En el sótano pierde el control de las horas y de la vida. Vive en una especide de pausa, de intervalo, de región vacía que ralentiza su historia. Siendo consciente de que la auténtica vida fluye alén de las expresiones, quizás entre ellas o bien aun a pesares de ellas, se encarga de realizar «visualizaciones en especial exactas» de todas y cada algo insignificantes que se mueven a su alrededor. Cuando sube del sótano pasa días enteros observando «el gradual sosegarse de la naturaleza» y su psique se torna entonces triste, vaga y también titubeante. Escoge prescindir de la esa familiar tan ansiada por sus semejantes, sabe que la vida en común fatiga y termina por eliminar esa clase de inocencia que tienen la multitud solas.

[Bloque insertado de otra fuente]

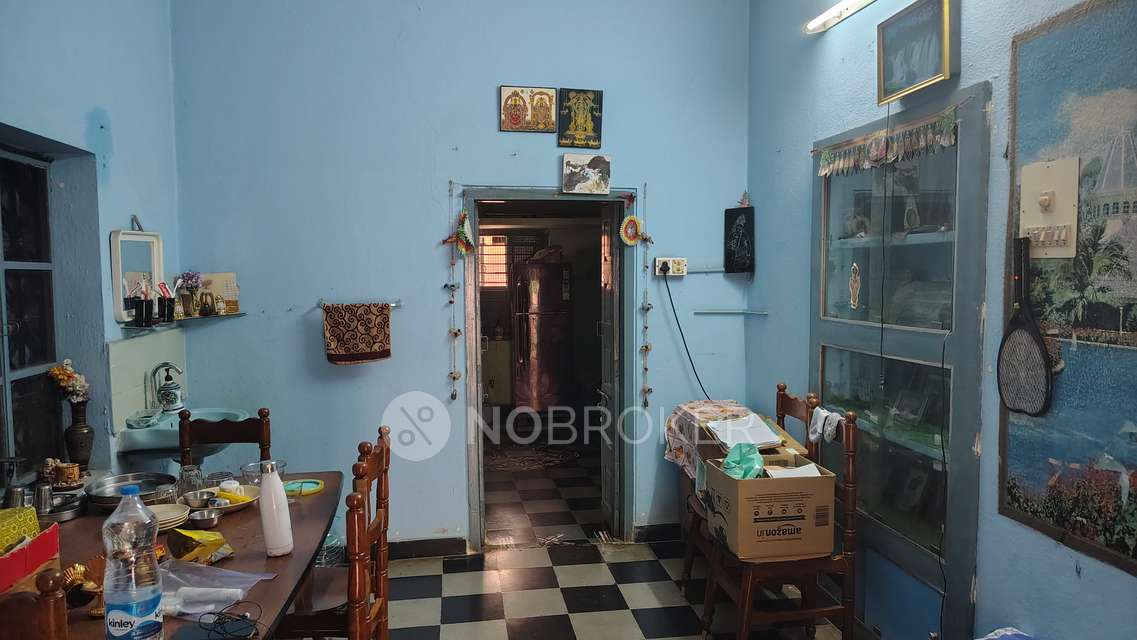 4+ BHK House For Sale  In Yellareddyguda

Pese a su aptitud prácticamente «teológica» para vivir solo, Beekam comparte el sótano con su criado y amigo Víctor, con el que sostiene una relación de «cauteloso equilibrio». Una afinidad electiva los sostiene juntos, como juntos se sostuvieron Reginald -padre de Beekam- y su leal sirviente Lampe, un hombre que semeja llevar tatuado un sermón en su pacífico semblante. La vida del solitario personaje primordial primordial va a entrar en una única etapa cuando conoce a Katrin, una extraña joven que vive en esa «región franca de la raza humana sin deseo» donde se siente un incesante desdén por la presencia, un desazón por la vida.

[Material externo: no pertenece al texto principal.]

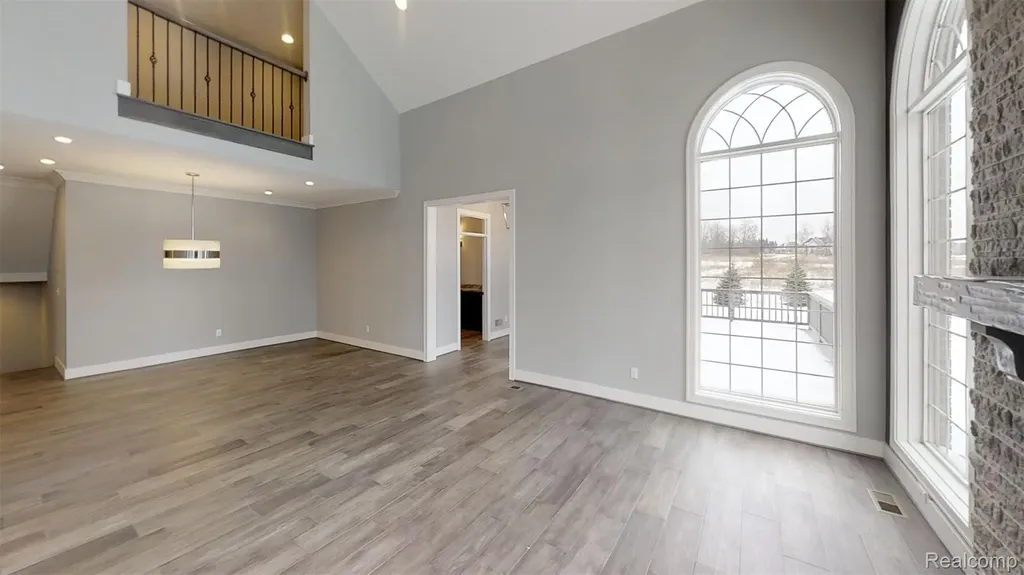 2515 Barberry Drive Shelby Charter Township MI 48316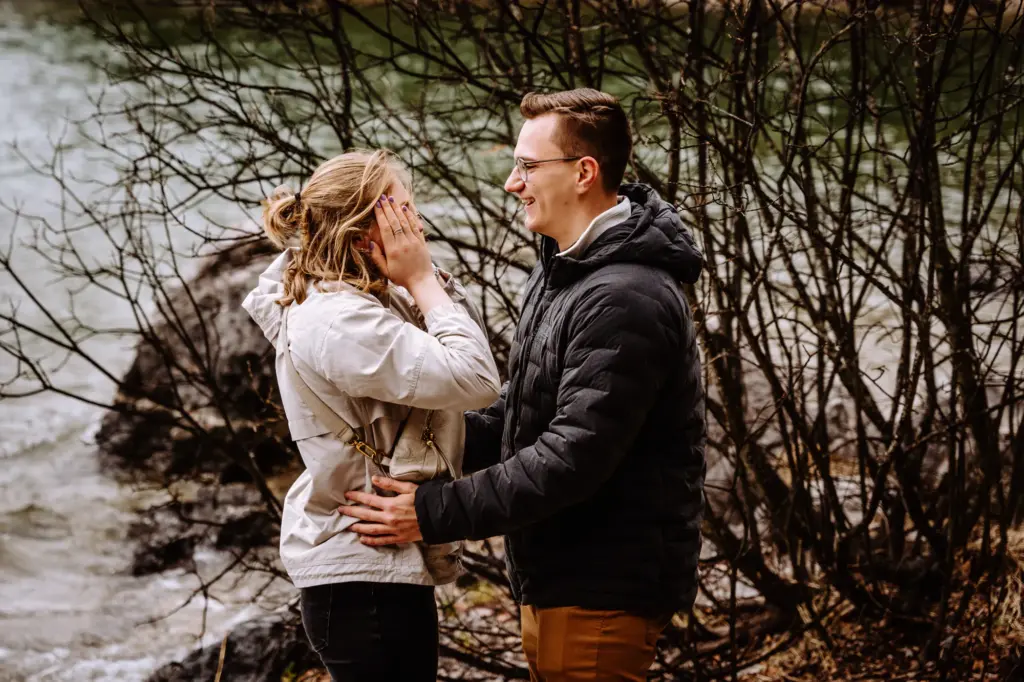 Echte Emotionen bei Verlobungsfotos am Eibsee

Aun la multitud «condescendientes» con todo cuanto las divide de la vida tienden a sostener una vía de unión con ésta: la hermosura. Inútiles de retenerla a su lado, tratan de coagularla. ¿Y qué hay más sólido que una escultura de mármol? Inútiles de gozarla en común, tratan de embelesarse a solas. ¿Y qué hay más jubiloso que el «éxtasis de la soledad»? La contemplación de la hermosura en soledad calma la psique. El solitario busca la hermosura para considerar el «obscuro exitación de sosegarse», la inocente percepción de lo excepcional y la ralentización de una vida en movimiento que se va muy próximamente. En los sótanos del ensimismamiento las relaciones entre la soledad, la hermosura y el tiempo se vuelven más evidentes y cuajan en esculturas de agua, en un intento por fijar lo que por naturaleza solo fluye. Mas en el exterior la vida corre y el hombre con ella, distanciándolo poco a poco más de ese otro planeta habitual y particular al que los pequeños afirman ver regresar.

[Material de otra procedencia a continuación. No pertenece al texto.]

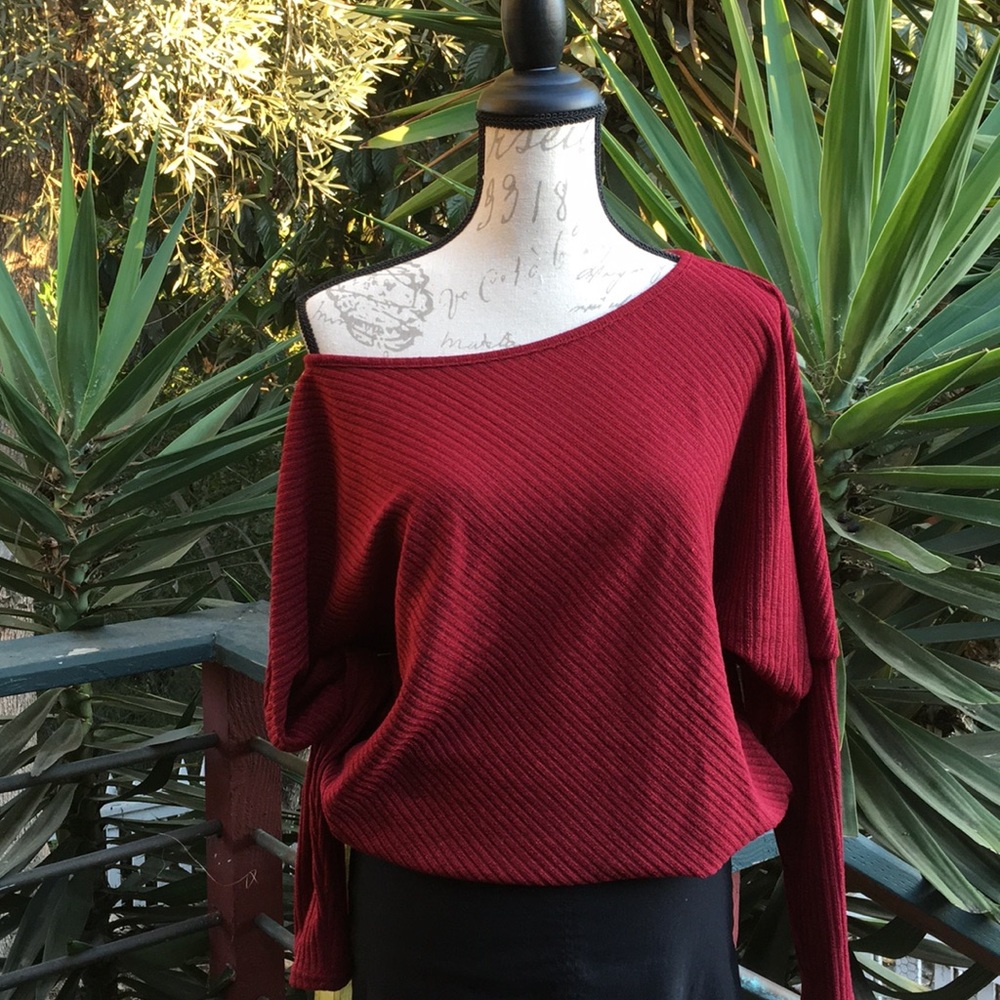 New! Sexy Off Shoulder Sweater - Picture 2 of 5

Leer a Fleur Jaeggy no es moco de pavo. Su mirada profunda y también capaz, su escritura densa y hermética, su intención de despojamiento y «concisión de epitafio» -tacha cosas ya en su cabeza ya antes aun de escribirlas-, sus desasosegantes y fríos ámbitos, sus perturbadores individuos, sus razonamientos diluidos en pos de una yuxtaposición prácticamente onírica de extractos, la substitución de la trama por texturas neblinosas y la acumulación sutil y progresiva de resonancias temáticas múltiples hacen que sus libros sean muy difíciles de cubrir. Quizás no haya que comprenderlos, solo leerlos con los ojos cerrados, como misma lee a los místicos. Quizás haya que ser un lector primordial y extremista que tache de igual modo en su cabeza esperanzas, prejuicios y hábitos mentales. En todo caso, leer a Fleur Jaeggy es siempre y en toda situación precioso y desconcertante. Cada relectura nos afirma que, tras el glacial aspecto de su escritura, viven unas ánimas capaces de producir «aquella luz que dan las fugaces maravillas del mal».